The umbrella that is anabolic steriods is very large mate much larger than what people normally imagine.

If people actually learned how these compounds work and why they work in a proper medical journal not on some forum where 95% are just parrots and have no clue what they speak about then you would quickly change your mind.


----------



## thebull1436114614 (Mar 17, 2009)

Fantastic condition. A real guy to look up to for all naturals. He may be imbalanced from top to bottom but i wouldnt mind being that imbalanced.....o no wait i am lol!

How a thread has gone from an appreciation of mezza to issues of drug use and one 19 year olds desire to become great I have no idea.... but getting back to the original point..... Mez looks amazing. Great photo quality too!


----------



## chris88 (Oct 21, 2007)

Aussie_Leigh said:


> That's a cool pics man. I'm glad this thread got back on track
> 
> Juice or not I challenge anyone to get in that condition. Very difficult task.


hey leigh you didnt by any chance compete in a hills hottest man comp in Sydney...bit of a wild question haha


----------



## Golden Man (Sep 10, 2005)

Dumb comments have been made about naturals/bodybuilders so what.GHS made some dumb comments and has apologised about 5pages ago so I think its time to either close the post or focus on the initial thread which is about mr merrifield.

All I know is in person he is bigger then he looks (which is the aim) and alot better again which is the aim and he has massive quads.Ive seen him up close once and thought f!ck it,it aint for me but then again conditioning has never been my fortae:laugh: :tongue: .

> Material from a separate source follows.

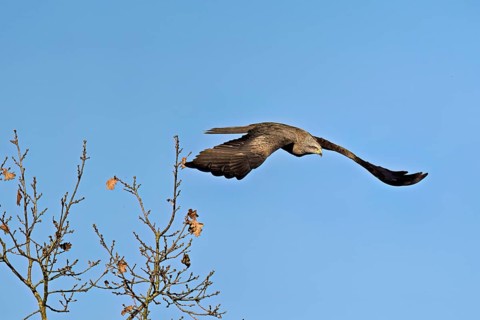Black Kite (Milvus migrans), in flight, Flachsee nature reserve, Freiamt, Canton Aargau,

Aussie leigh do you know if mezza is competing in yorkshire or this year.Ive seen a dvd of him at 12stone and is still ripped but bigger BUT I think that the ultra shredded look is what wins(or rarely second) it for him always.

mezza awesome bodybuilder.


----------



## Origin (Feb 5, 2009)

Big up to Mezza. Being a yorkshire lad I saw him at most of his shows. I'll tell you the condition he acheives everytime he competes is unreal.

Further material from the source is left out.